Last year, a single promo clip — a total of 19 seconds in length — provoked a controversy over the content of the show it had been created to promote. What followed was a yearlong saga of politics, professional restructuring and grassroots marketing, as the show — an Israeli sketch comedy show called “HaYehudim Ba’im” (“The Jews Are Coming”) — languished in TV purgatory.
After the controversial promo launched online, Channel 1, the public station, had a problem. The show had already been produced, using taxpayer money; despite the controversy, it represented an investment of public funding that couldn’t be easily discarded. Channel 1 was undergoing restructuring, and the Knesset had to approve the network’s programming slate before it could air. With all these obstacles, it seemed that “The Jews Are Coming” show would never get to live up to its name.
The promo also provoked MK Ayelet Shaked (from the religious Habayit Hayehudi party) to speak out against “HaYehudim Ba’im,” pressuring Channel 1 to air a right-wing satire (a show called “Latma”) to balance it, show co-creator and writer Natalie Marcus recalls. “The presence of a satire can’t balance the presence of another satire; satire balances reality,” she said.
On the question of whether the show is a left-wing mouthpiece, Marcus asserts that the show is balanced. “We ask questions about everything, from the Bible to Ben Gurion to the Ashkenazi leadership. We’re not attacking politics or saying ‘Bibi is this or that,’ we’re saying ‘this is our history.’ We go into the texts and make you think. There is a critical way we look at things, but it’s not attacking, just giving the story a fresh, modern look.”

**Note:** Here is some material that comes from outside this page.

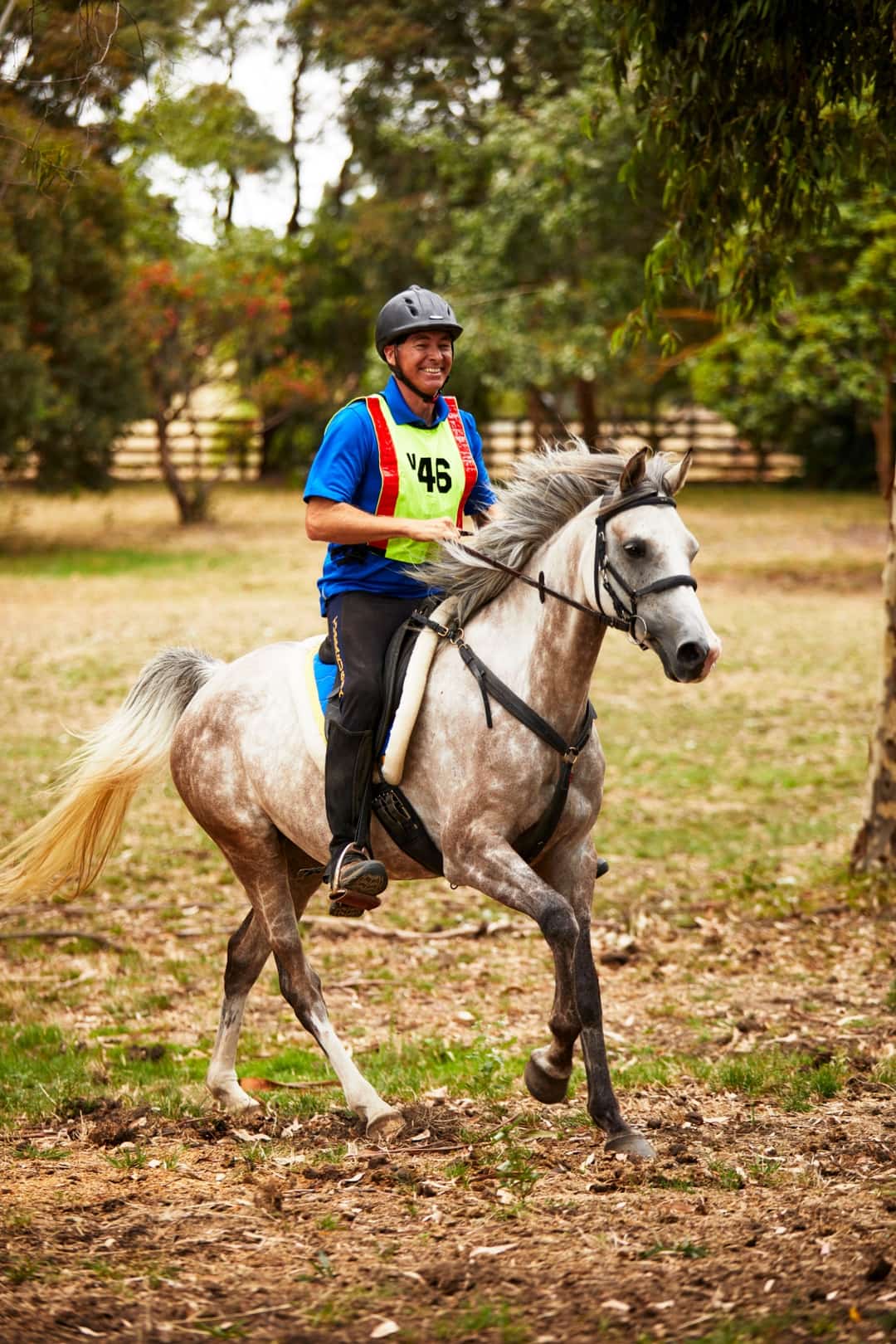 Tubbarubba Arabians Elite Endurance Horses for Sale Melbourne, Victoria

Marcus and her show co-creator and writing partner Asaf Beiser, thinking that it would be a waste to abandon the full season of episodes, decided to do monthly screenings at a Tel Aviv bar. The event caught on with friends and friends-of-friends, Marcus recalls. “Everyone in the industry heard about it; it became a cult thing that people came and watched a few episodes. We thought it would stay like that.”

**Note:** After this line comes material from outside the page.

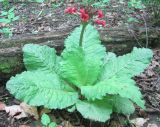 Primula japonica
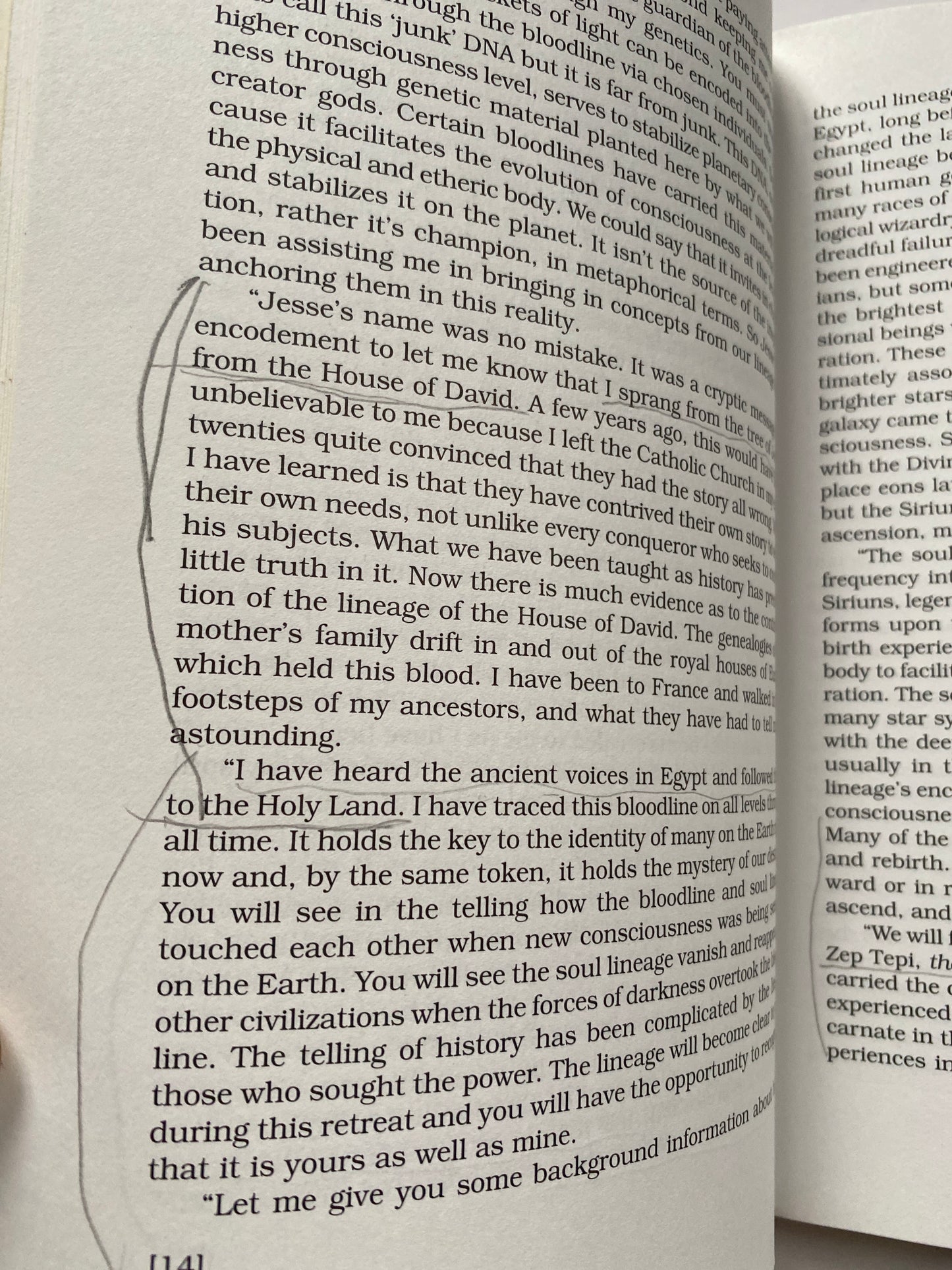 The Lineage of the Codes of Light by Jessie E. Ayani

They also made a promo clip of their own, “When Are the Jews Coming?”, featuring episode outtakes and title cards that read, “we want to make you laugh, but they won’t let us,” part of the effort to drum up public demand and support for the comedy. The media buzz made an impression on Channel 1’s new management; the groundswell of support in local screenings and in the press encouraged the now post-transition network: “HaYehudim Ba’im” premiered November 7.
As of press time three episodes have aired; more than a year after the promo brouhaha, the content of the show continues to stir the pot, satirizing everyone from Abraham to Eichmann and skewering Jewish historical events ranging from the giving of the Ten Commandments to the raid on Entebbe. And if a sketch about a terrorist hijacking seems subversive, just wait until you see the sketches about Yigal Amir, who assassinated Yitzhak Rabin in 1995, and Baruch Goldstein, who murdered 29 Palestinians as they prayed at the Cave of the Patriarchs in 1994. (These sketches are not currently available with English subtitles.)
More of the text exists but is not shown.